Question: the <urls> do not show up at any place we can see - are they dropped by the importer?
Never mind - we added the urls to the description text, so the browser will show them as clickable links, anyway.

We added a whole bunch of fixes for different remaining issues.

Could you import the new version from
      http://pubweb.bnl.gov/~rlange/MantisExport.xml.gz
to the refreshed staging server and ping us when it's available? Thank you!

I think we're getting very close now...

Cheers,
Ralph

Revision history for this message
Andrew Johnson (anj) said :
#23

Marking Q as open, new file available...

Revision history for this message
Deryck Hodge (deryck) said :
#24

The bug import is running now and should be available on staging in 20-30 minutes from this message.

Cheers,
deryck

Revision history for this message
Andrew Johnson (anj) said :
#25

Thanks Deryck.

This looks pretty good now, I've just done a manual pass through with an editor fixing a few more issues, hopefully the last significant tweaking we'll want to do. The new file is at
    http://www.aps.anl.gov/epics/mantis/MantisExport.xml.gz

Thanks,
- Andrew

Revision history for this message
Deryck Hodge (deryck) said :
#26

Hi, Andrew.

So do we feel good enough about these updates to make this the final import? i.e. are they just trivial edits?

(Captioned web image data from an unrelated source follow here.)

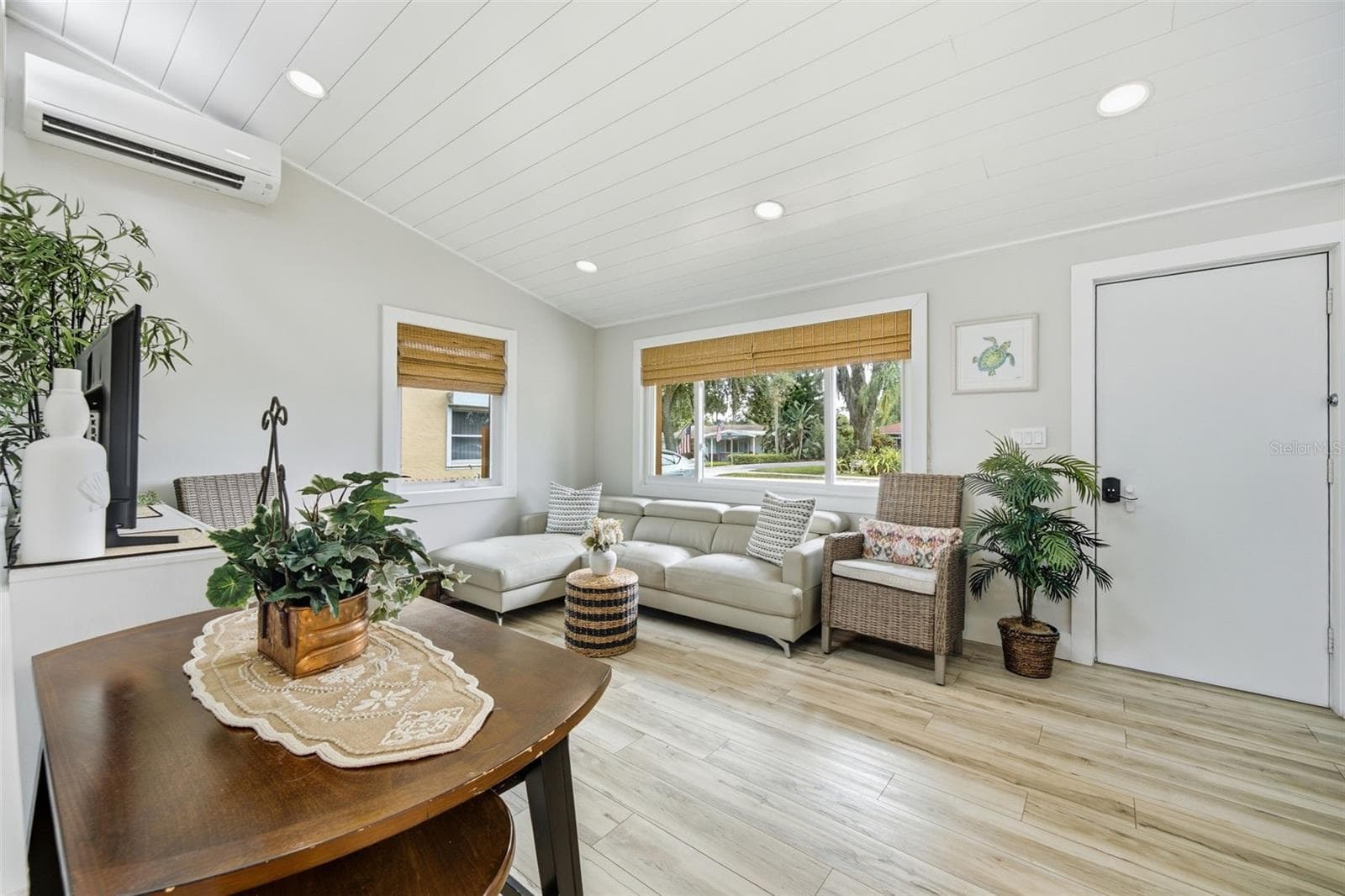 Impact-resistant windows complemented by warm woven wood shades - 5837 TENNESSEE AVE, NEW PORT RICHEY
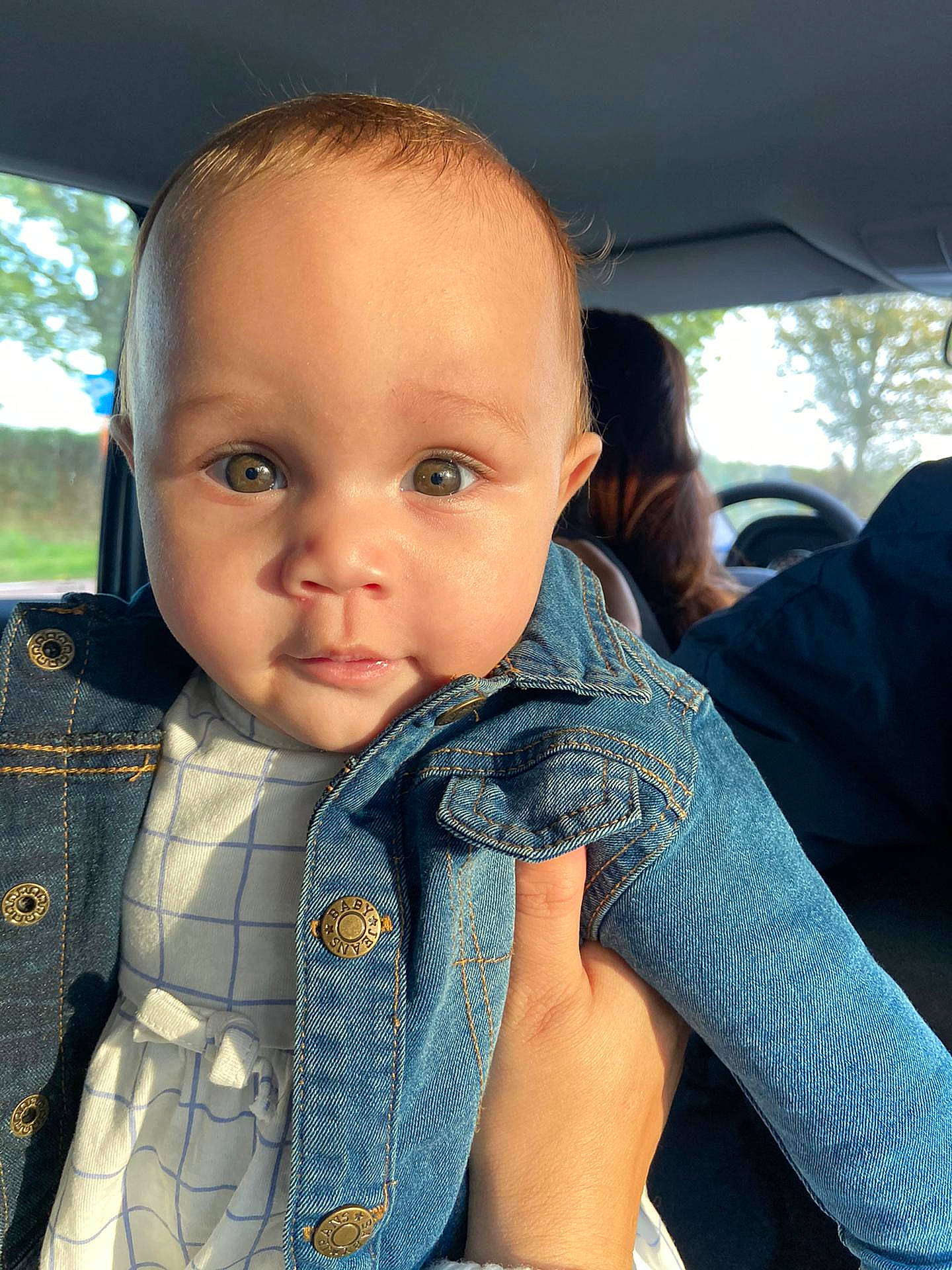 Mayssa participe au concours pour gagner de l'argent avec cette photo : baby, cheek, child, chin, cool, eye, face, finger, forehead, hand, head, jeans, lip, nose, outerwear, person, photography, sitting, skin, smile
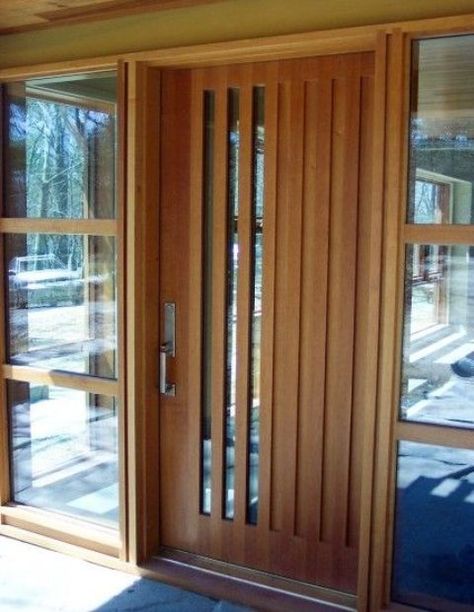 modern wood front door with vertical glass panes Door With Glass Panels, Deur Makeover, Contemporary Exterior Doors, Entry Door Designs, Entry Doors With Glass, Eksterior Modern, Contemporary Front Doors, Wooden Front Door Design, Modern Entrance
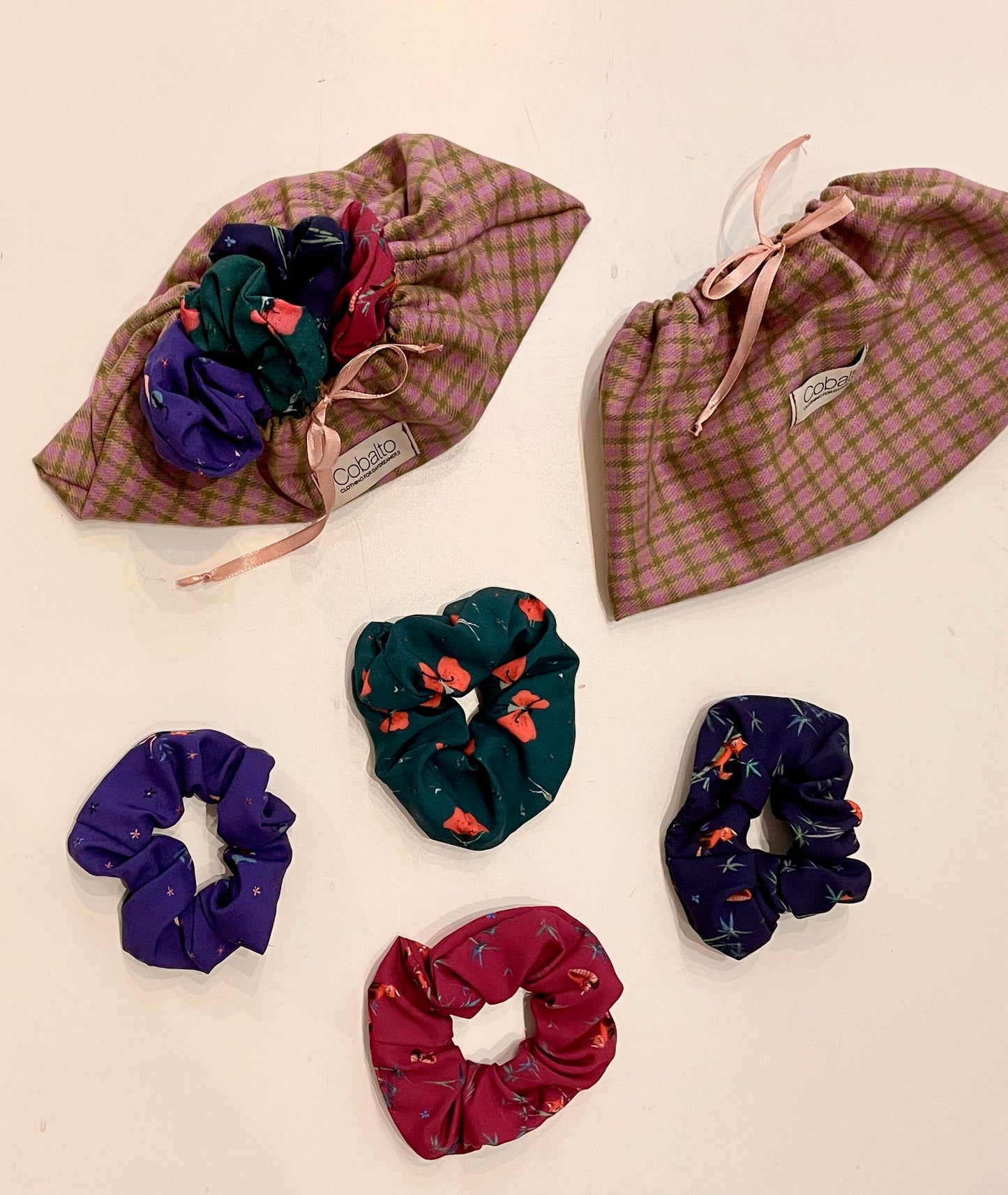 Set scrunchies illustrazioni Ilaria Urbinati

Or do we need to look at them on staging again before doing the final import?

Cheers,
deryck

Revision history for this message
Andrew Johnson (anj) said :
#27

Hi Deryck,

I don't think I've messed anything up but I was doing hand-edits without checking the result with any XML tools; I don't know how the importer reacts if it finds a fault part-way through, but if it's not too much work it's probably safer to run this on staging first. Unless Ralph comes up with something that I've missed I should be able to give the go-ahead for the live site within less than an hour after staging is complete.

Thanks,
- Andrew

Revision history for this message
Andrew Johnson (anj) said :
#28

Hi again Deryck,

We've changed our minds, go ahead and import that file from www.aps.anl.gov directly into the live site; we can edit any remaining issues that we find in Launchpad.

Thanks very much for your help and patience.
- Andrew

Revision history for this message
Best Deryck Hodge (deryck) said :
#29

The import is now done for launchpad.net. Thanks for your patience through this and for choosing Launchpad to manage your bugs!

Cheers,
deryck

Revision history for this message
Andrew Johnson (anj) said :
#30

Thanks Deryck Hodge, that solved my question.